I'd like the entries repeated exactly, pictures omitted.

*** Opening of Stored data ***

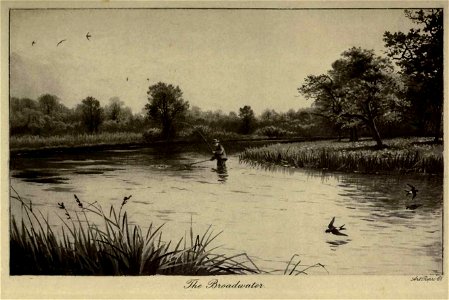 TheBroadwater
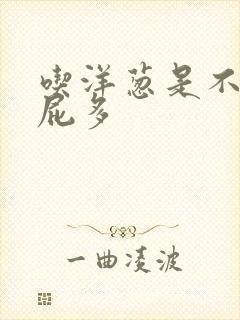 吃洋葱是不是放屁多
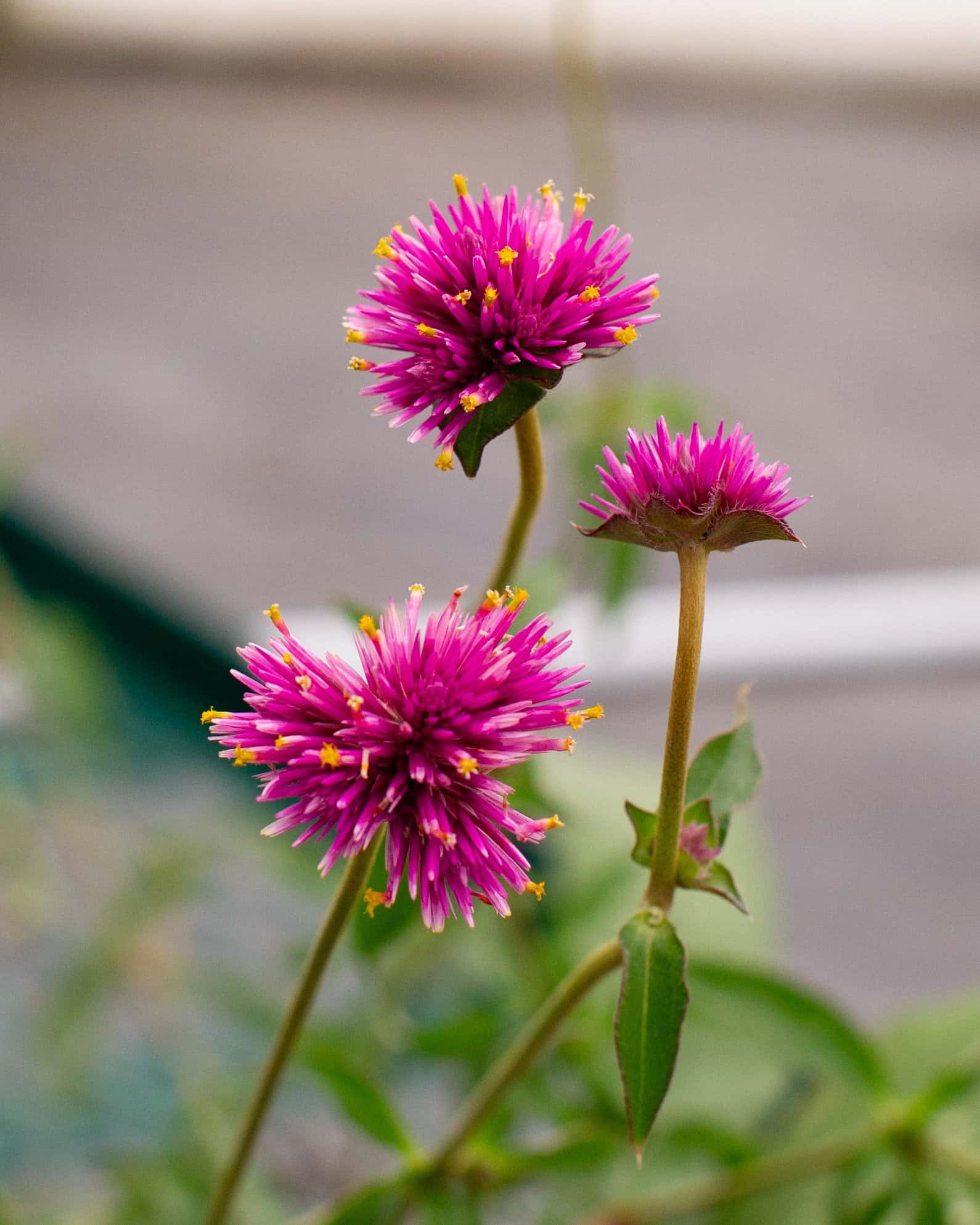 Fireworks Gomphrena - Image 7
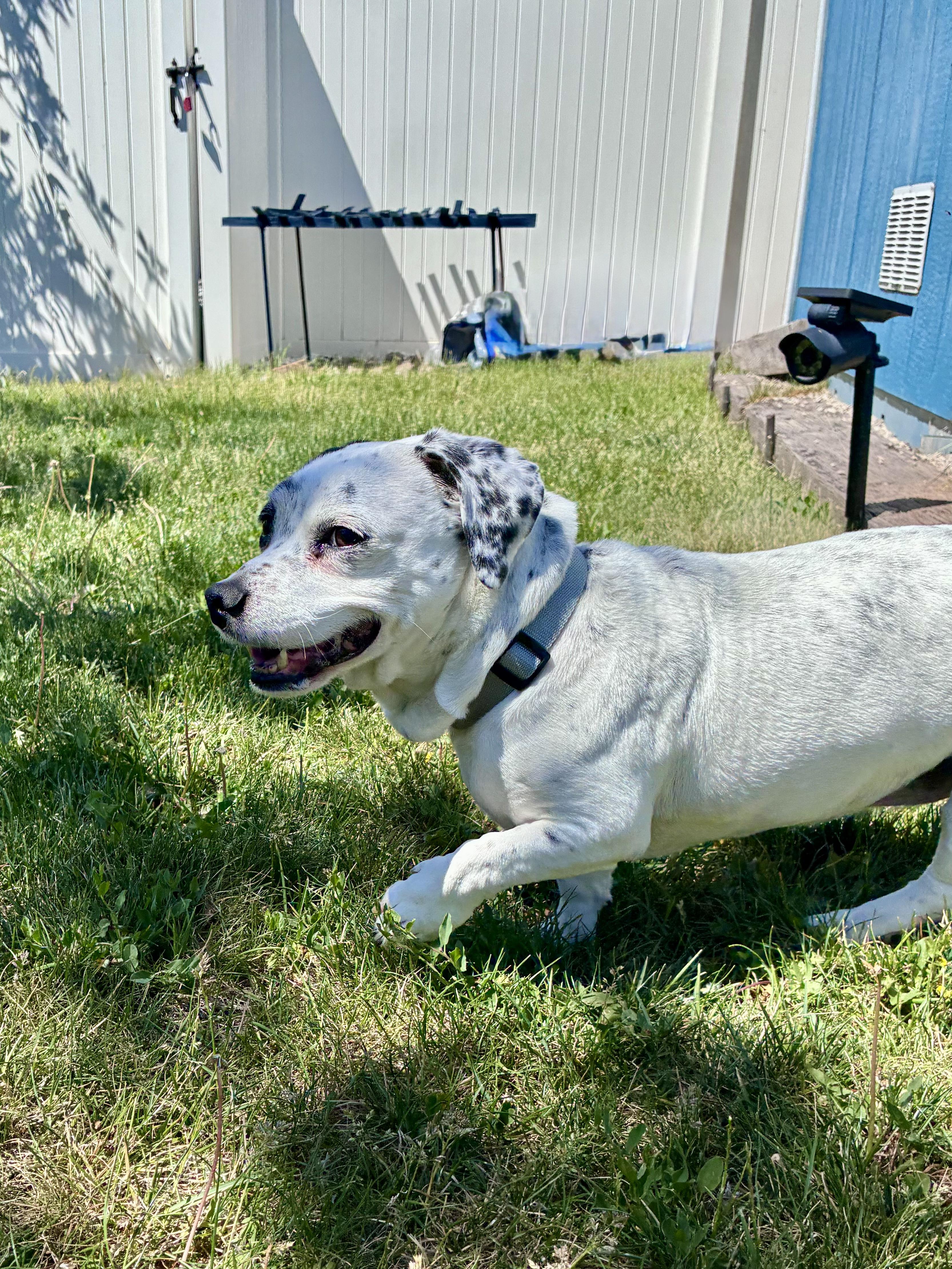 Daisy, a Adoptable mixed breed in West Valley, UT image 6/6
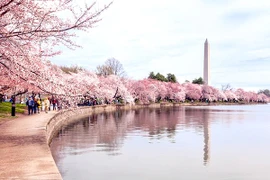 Nhật Bản tặng Mỹ 250 cây hoa anh đào nhân dịp 250 năm thành lập nước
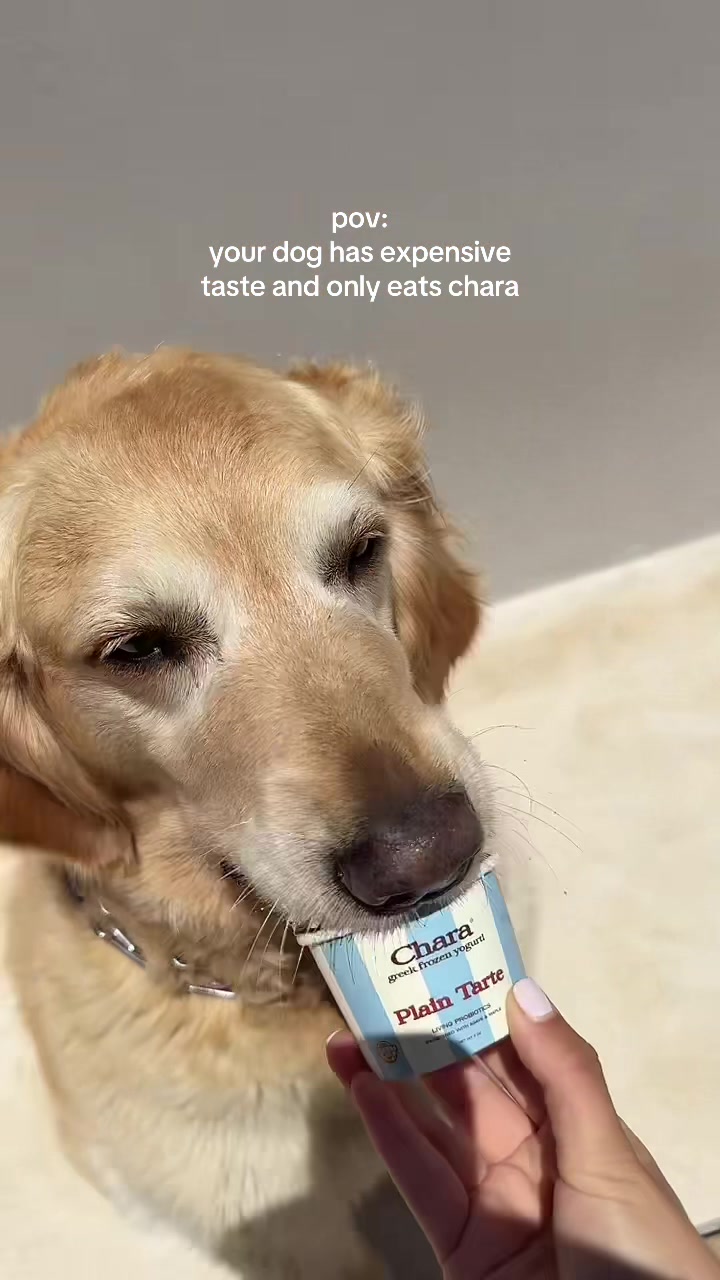 @Chara Greek Frozen Yogurt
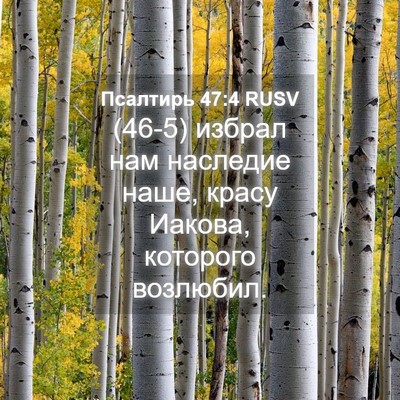 Picture 04 - Псалтирь 47:4 RUSV - (46-5) избрал нам наследие - Bible Verse Picture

*** Close of Stored data ***

--- The answer ---
 TheBroadwater
 吃洋葱是不是放屁多
 Fireworks Gomphrena - Image 7
 Daisy, a Adoptable mixed breed in West Valley, UT image 6/6
 Nhật Bản tặng Mỹ 250 cây hoa anh đào nhân dịp 250 năm thành lập nước
 @Chara Greek Frozen Yogurt
 Picture 04 - Псалтирь 47:4 RUSV - (46-5) избрал нам наследие - Bible Verse Picture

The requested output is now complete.